Che fine hanno fatto il denaro, gli assegni, l’oro e i gioielli sequestrati a Mussolini e ai gerarchi a Dongo nel 1945? Oggi lo sappiamo.

L’enigma dell’oro di Dongo, il tesoro arrivato con Mussolini nella località dell’alto lago di Como, in Lombardia, dove avvenne l’arresto del Duce, il 27 aprile 1945, è stato in gran parte risolto. Sebbene l’inventario completo dei valori sia stato fatto sparire, e di conseguenza oggi nessuno è in grado di indicare l’entità del “malloppo”, della parte nota del tesoro si possono seguire le tracce.

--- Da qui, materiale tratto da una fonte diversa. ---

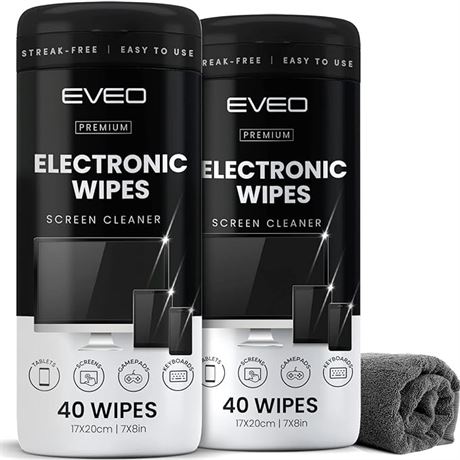 Electronic Wipes Streak-Free for Screen Cleaner & Smart Watch [2 Pack x 40] TV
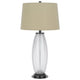 Leno 32 Inch Table Lamp, Leaf Pattern Clear Glass Base, Beige Shade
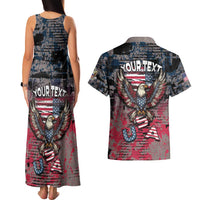 Personalized Patriotic Rebel American Couples Matching Tank Maxi Dress and Hawaiian Shirt Grunge USA Eagle Flag - Wonder Print Shop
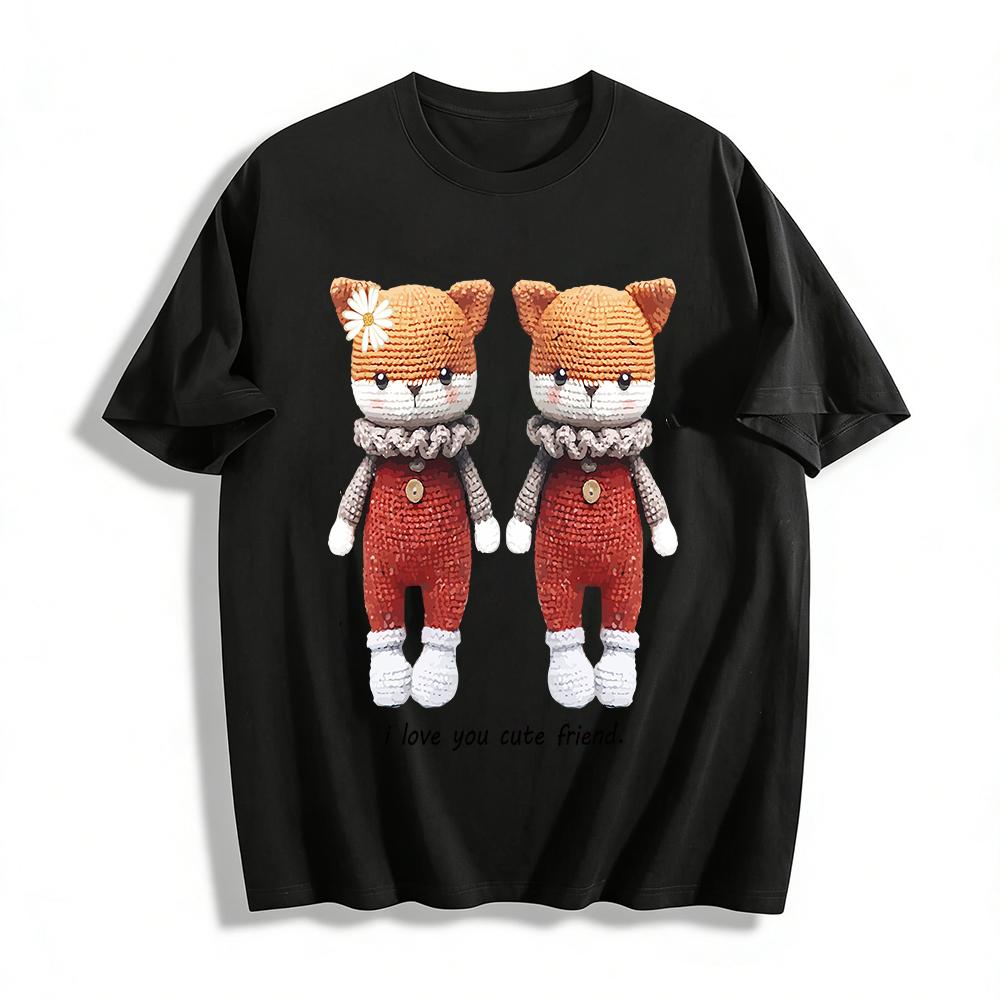 

Cute Crochet Cat Print Tops Casual Crewneck Shirts For Kids Adults Best Friend Gift Animal Pattern Tees Pure cotton T-shirt XXS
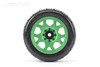 Jetko 1/5 XMT EX-King Cobra Tires Mounted on Green Claw Rims, Medium Soft, Glued, Belted, 24mm for Arrma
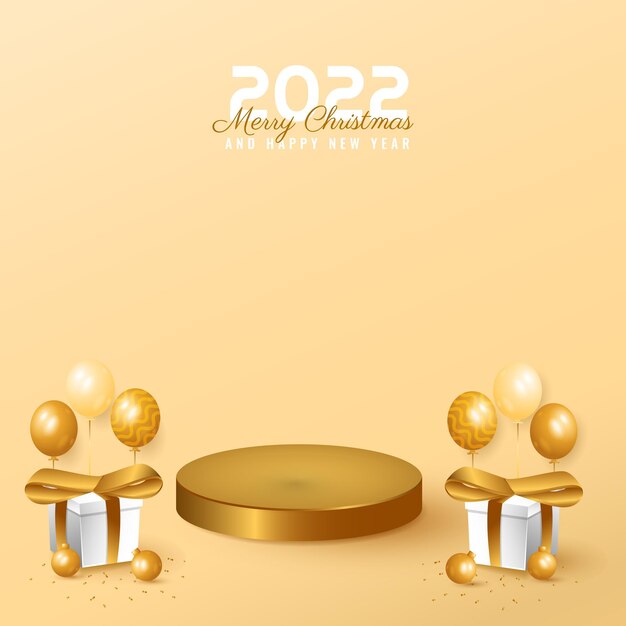 Striscione moderno minimale 2022 felice anno nuovo e buon natale con podio, scatola e palloncino
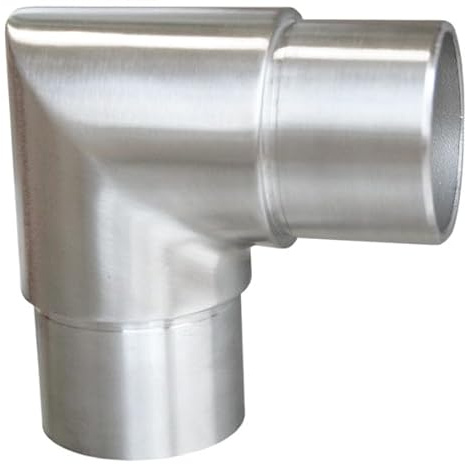 Steckfitting mit 90° Winkel, für Rohr Ø 42,4x2,0 Edelstahl V2A Rohrverbinder Verbinder für Rohre Geländerbau Geländer Treppen Balkongeländer Terrassengeländer Balkon Terrasse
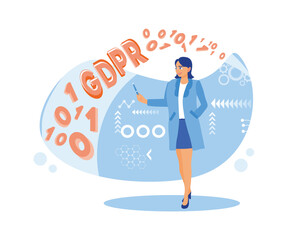 Young woman working with information. The General Data Protection Regulation or GDPR Concept. flat vector modern illustration 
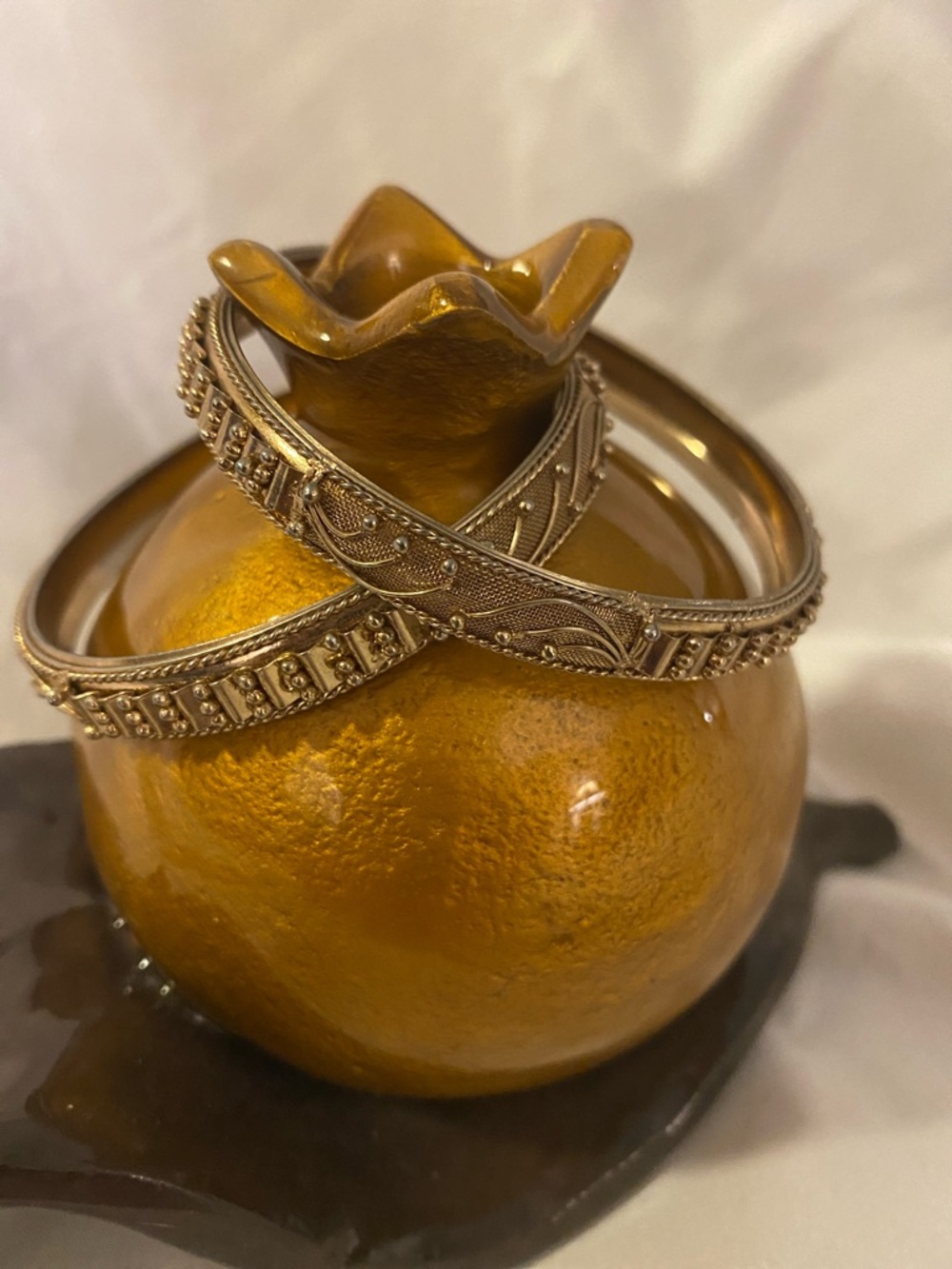 Vintage Gold Filigree and Textured Gold Bracelets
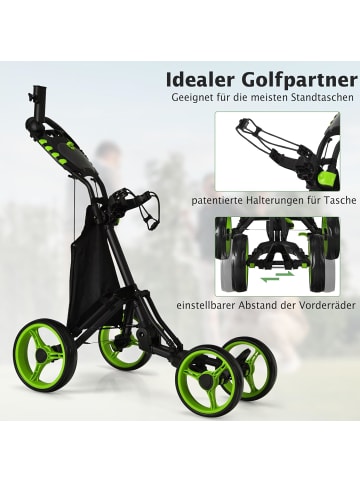 COSTWAY Golf Trolley 4 Rad klappbar in Grün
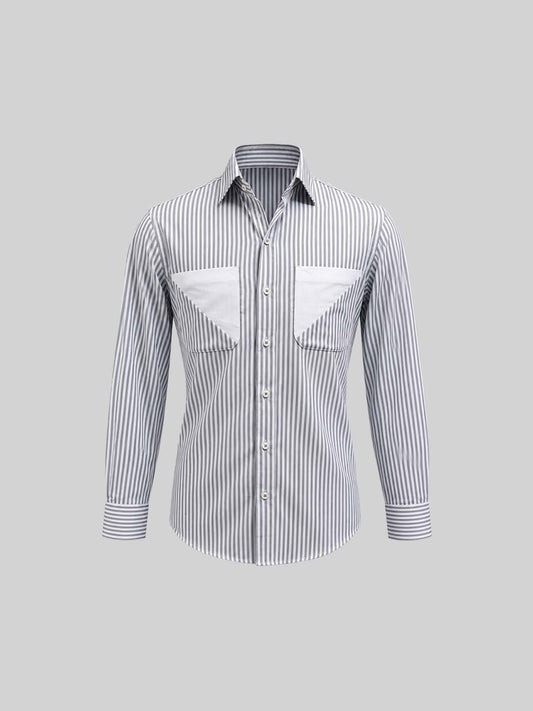 Striped Cotton Shirt with Pocket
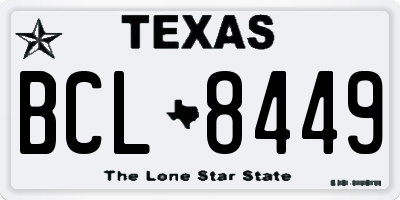 TX license plate BCL8449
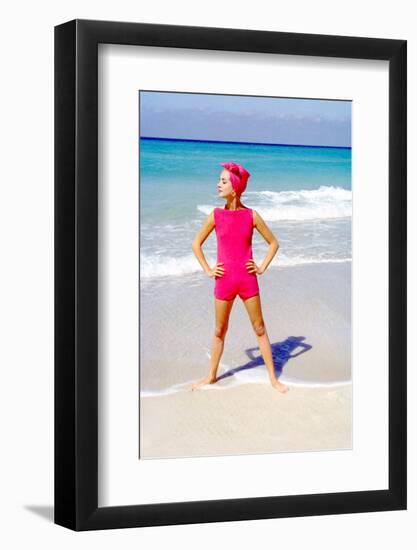 June 1956: Woman Modeling Beach Fashions in Cuba-Gordon Parks-Framed Photographic Print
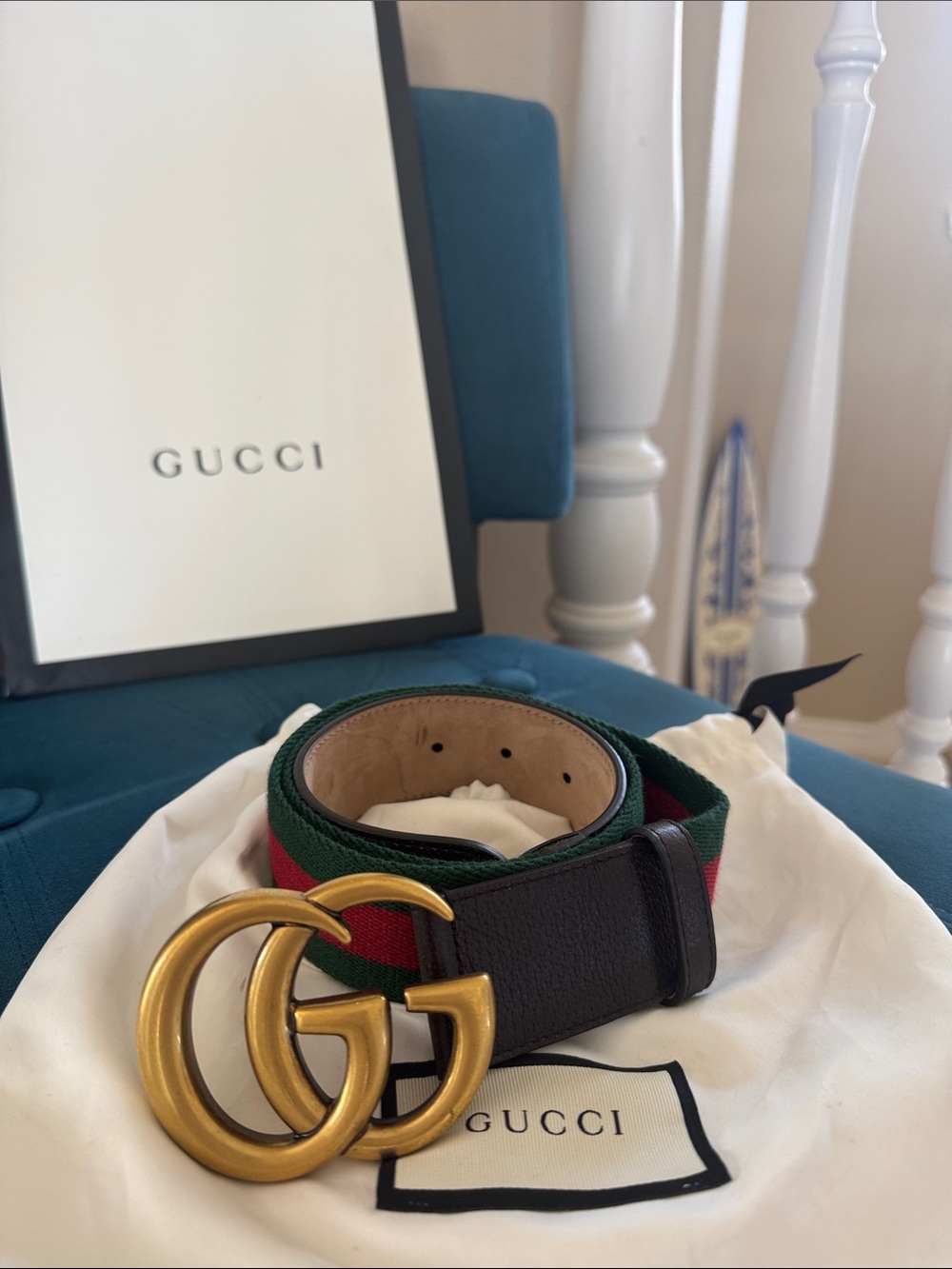 Gucci Web and Leather Double G Belt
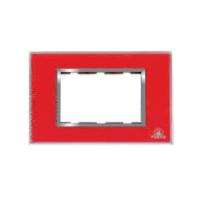 POINTER BI-6011 3 Module Red Modular Switch Plate Cover_0
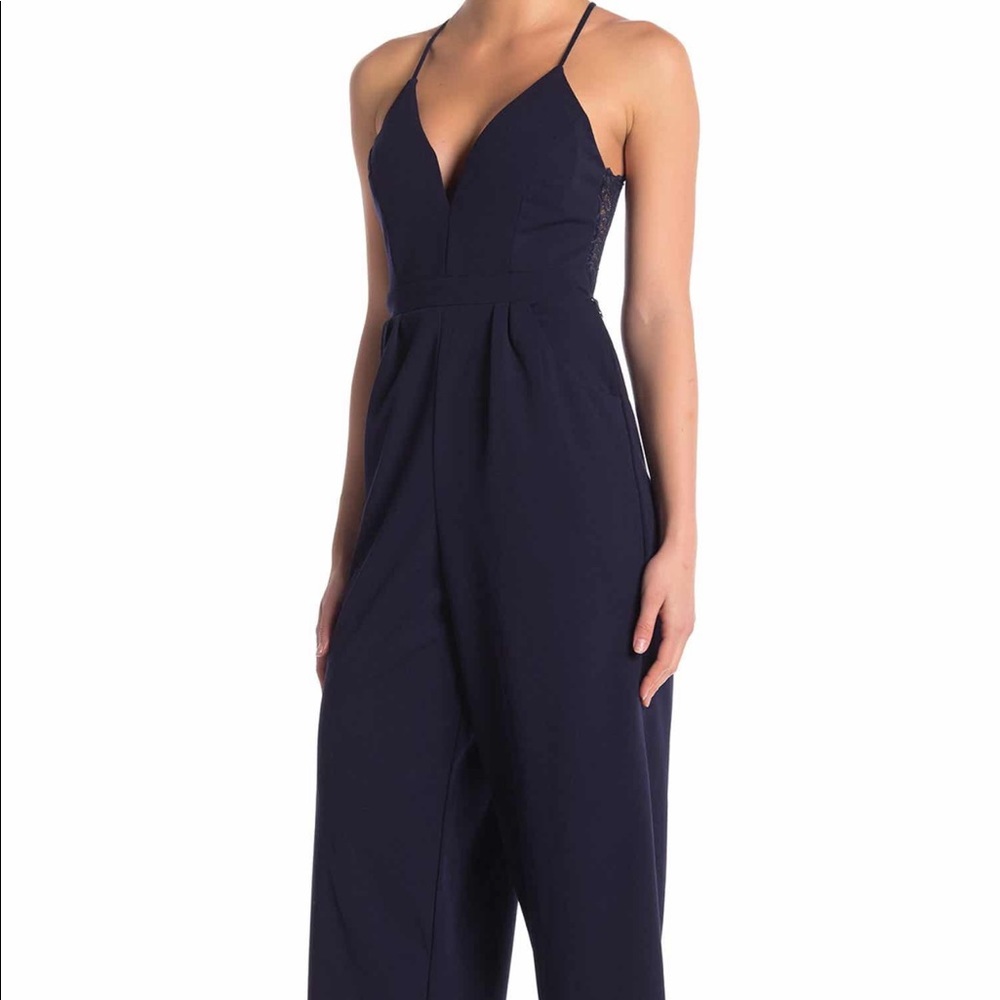 Love Nickie Lew Navy Jumpsuit w/ Lace Back, size M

La prima “verità” riguarda il carattere disomogeneo di questa massa di denaro e preziosi. In parte era riconducibile alle dotazioni finanziarie della Repubblica sociale italiana: è questo il caso del “fondo riservato” del ministero dell’Interno. Oltre a ciò, con il convoglio viaggiavano i patrimoni personali (sotto forma di contante) di ministri e alti gerarchi che a Dongo furono uccisi. Infine c’era il denaro dei militari tedeschi che accompagnavano il Duce nella lunga colonna di automezzi fermata dai partigiani.

Non solo. Il tesoro di Dongo comprendeva valuta italiana e svizzera (sterline, pesetas, franchi francesi e svizzeri, dollari), banconote, moneta aurea e assegni. E poi gioielli, preziosi vari e oro.

L’altra verità è che una parte non trascurabile di quel forziere semovente “evaporò” a contatto con la popolazione locale, che dopo l’arresto si diede a una sorta di “assalto alla diligenza”.